下図左のダイアログが開くので、①の右の「…」をクリックして、まとめたいラスタレイヤを選択します。この例ではタイルが2つなので、「2入力が選択されました」となっています。次に、②のResolutionは、複数ラスタのどれに解像度を表すかの指定で、最小、平均、最大から選びます。仮想ラスタの出力ファイル名を決めたら、「実行」ボタンをクリックします。保存先は、元のDEMファイルと同じ場所にすることを強くお勧めします。下図右は実行終了したときの表示です。

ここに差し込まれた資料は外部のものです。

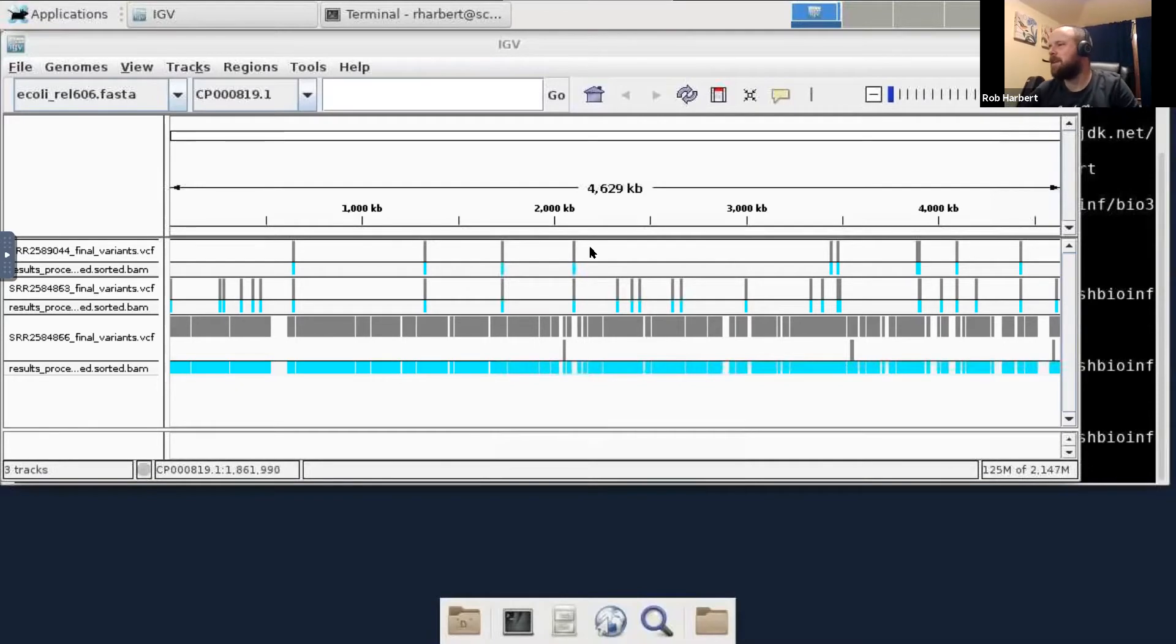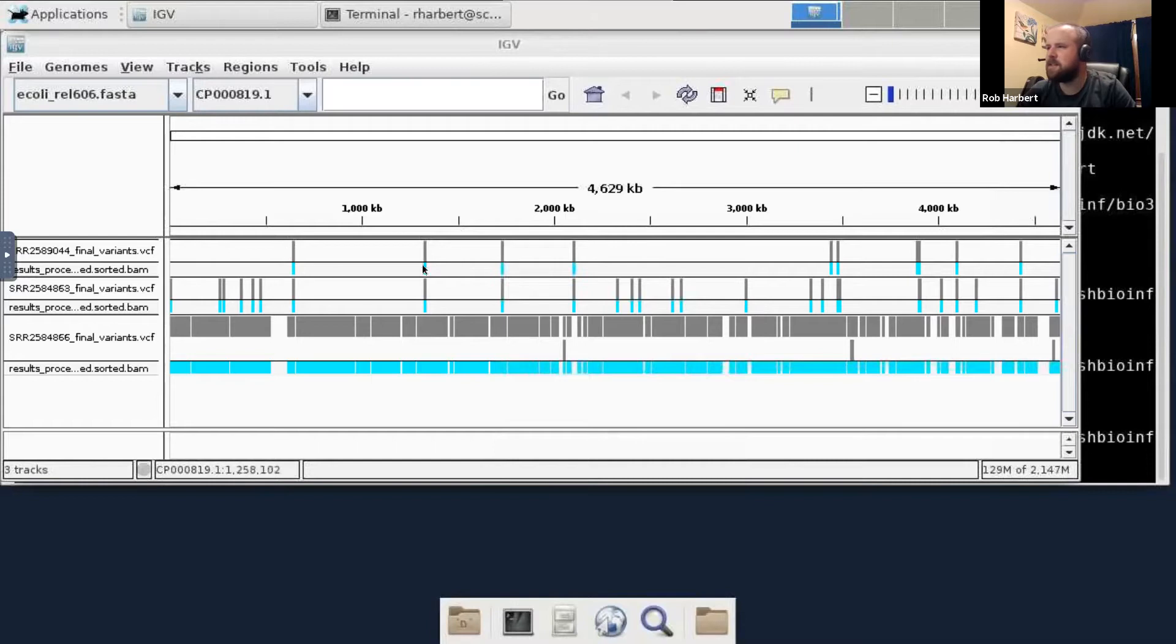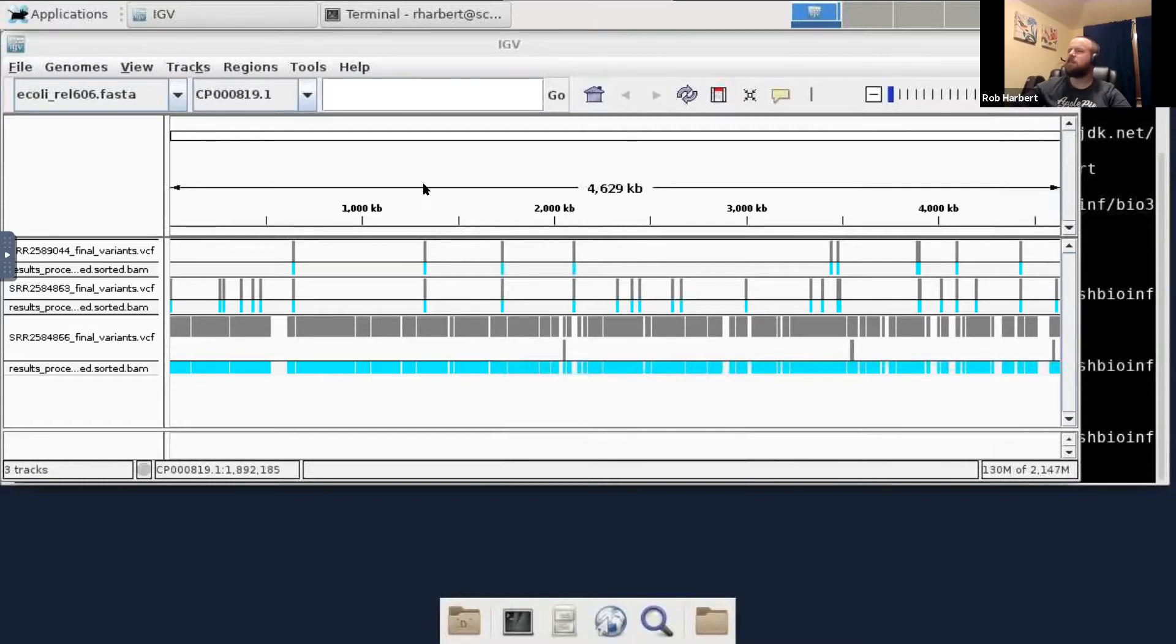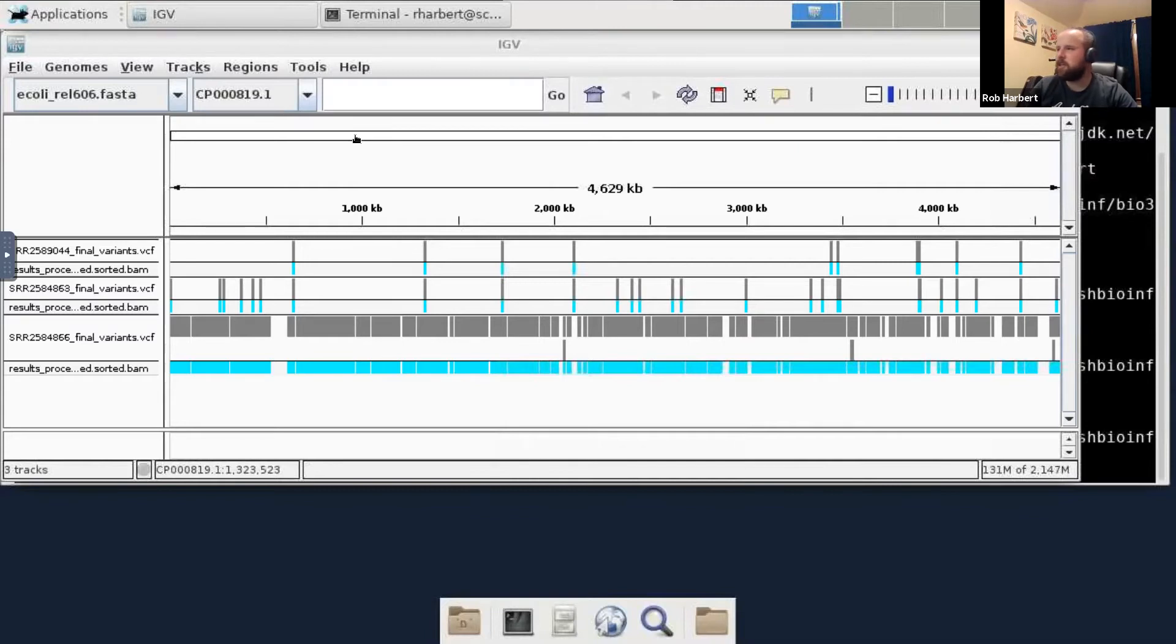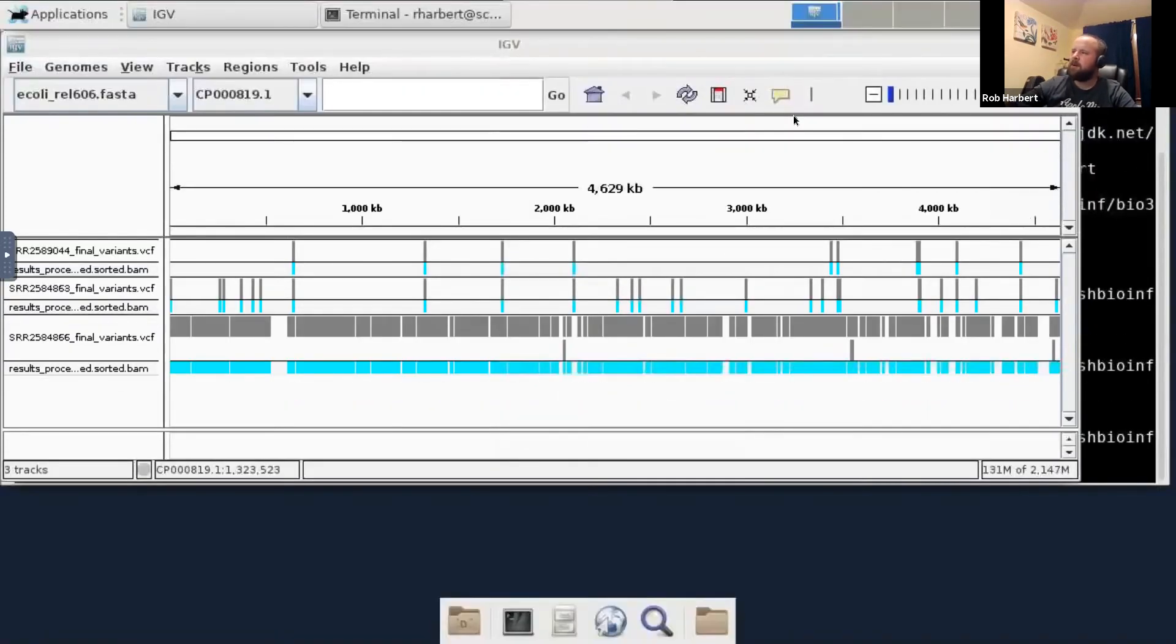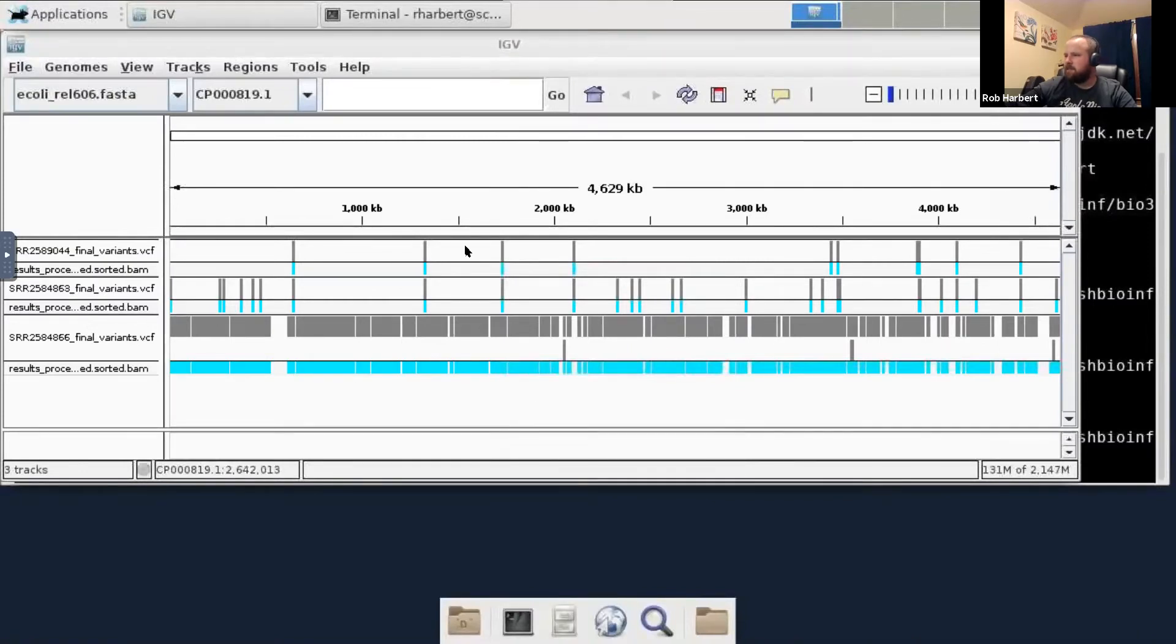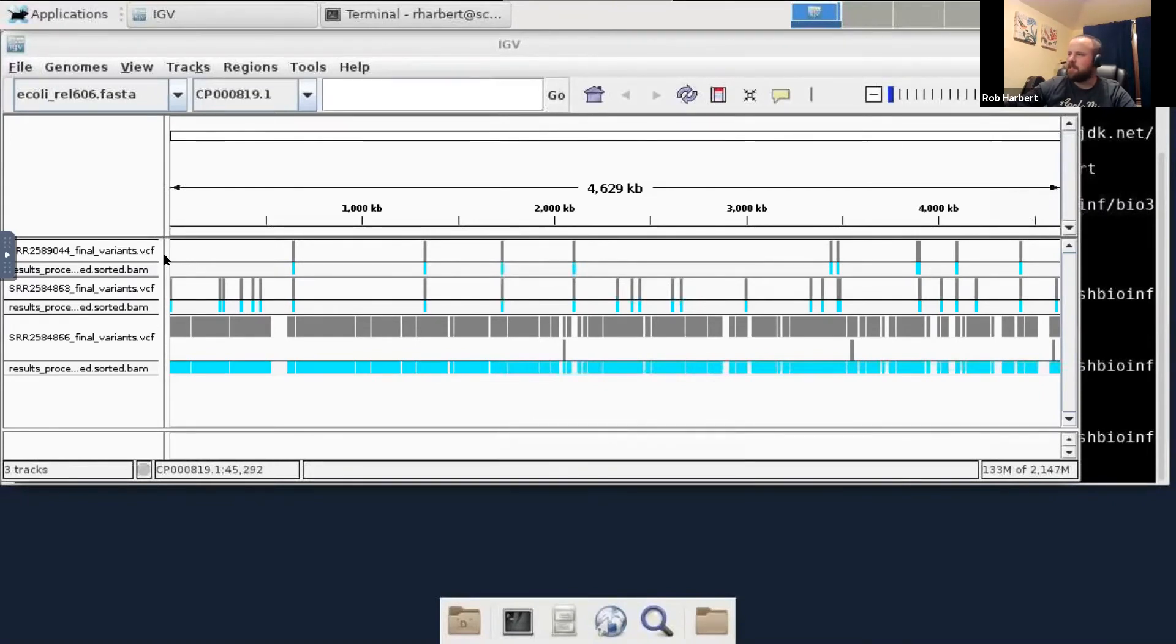We could go through and investigate. We could see there's four variants here between the first two that are the same. What are at these sites? Are these falling in genes? Are they changing anything about the genome? This opens up a whole new line of investigation for your project. That's the cap on our variant calling workflow. We've gone from raw data to something we can start to explore and start to learn about the genome that we've been sequencing with our raw data here.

下図は仮想ラスタです。継ぎ目が無くなっているのがわかります。1枚のDEMとして扱われているからです。実際、通常のラスタと同様の解析操作が可能です(すべてを検証したわけではありませんが・・・)。レイヤパネルからは元のDEMを削除してしまっても構いません。(でもブラウザパネルから削除してはだめですよ!)
仮想ラスタのファイルサイズは小さい
下図は仮想ラスタファイルと元のDEMファイルが収められたフォルダをWindowsエクスプローラで開いたものです。仮想ラスタファイルはたったの2kBで、元のDEMを参照するだけのものです。コピーする時には元のDEMと一緒にコピーする必要がありますので注意してください。
ラスタタイルの枚数が多くなると、結合するだけでも手間がかかるものです。仮想ラスタを活用してサクサク作業を進めましょう。Have fun!